Work task >>
Output only the lines from the line holding "YAMAHA акустическая гитара" through the close of the records, exactly as they appear, with all pictures omitted.

Data supplied >>
════

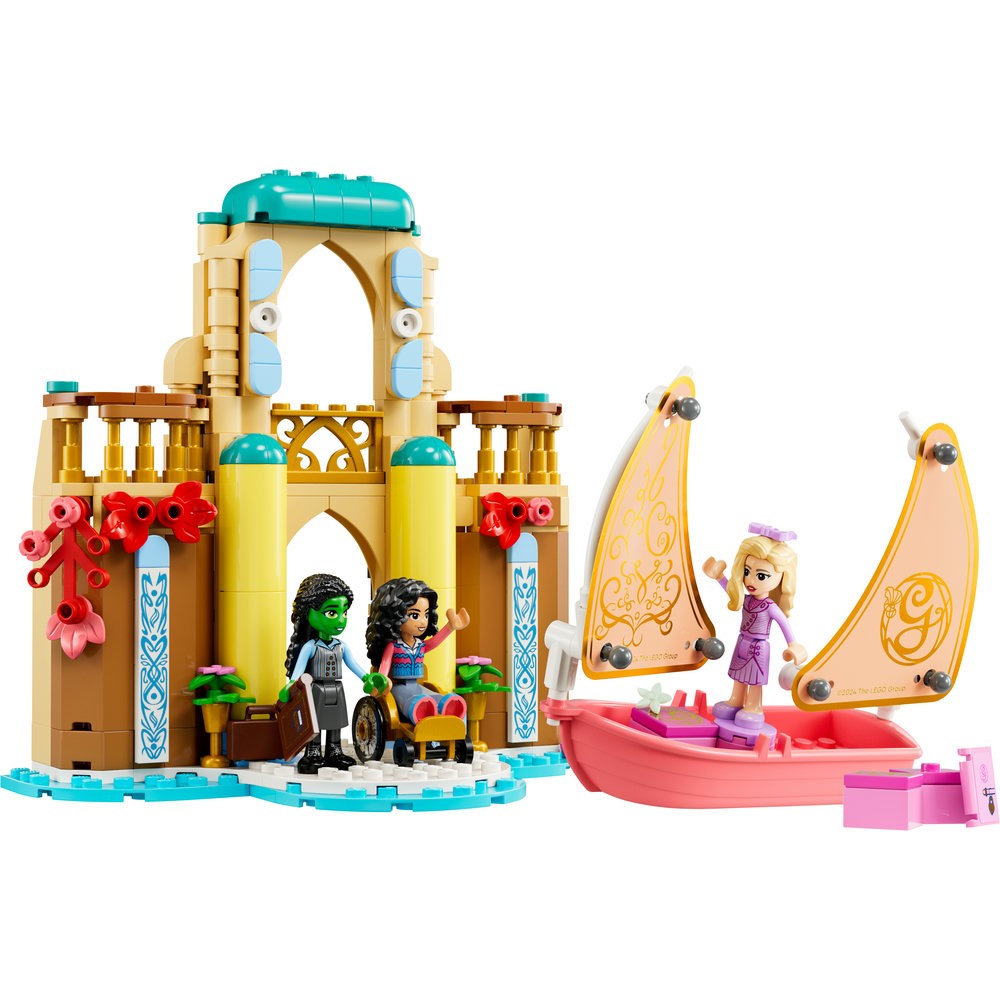 75681 Glinda, Elphaba & Nessarose at Shiz University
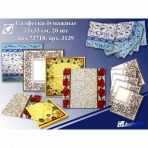 Салфетки бумажные 3139 /Узор/, 20 шт, 33*33 см, асс J.Otten /1 /0 /300 /0 (10702030/291114/0127690/3, Китай)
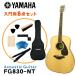 YAMAHA акустическая гитара начинающий 8 позиций комплект FG830 NT Yamaha 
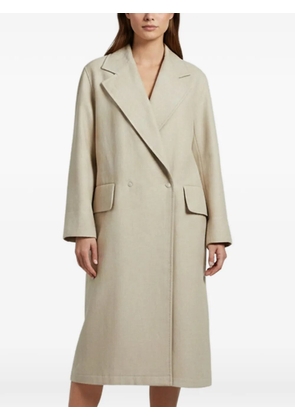 Max Mara Mescal double-breasted coat - Neutrals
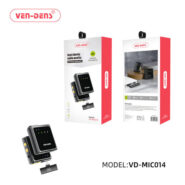 میکروفون یقه ای بی سیم وندنز مدل VD-MIC014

════

The answer >>
 YAMAHA акустическая гитара начинающий 8 позиций комплект FG830 NT Yamaha 
 Max Mara Mescal double-breasted coat - Neutrals
 میکروفون یقه ای بی سیم وندنز مدل VD-MIC014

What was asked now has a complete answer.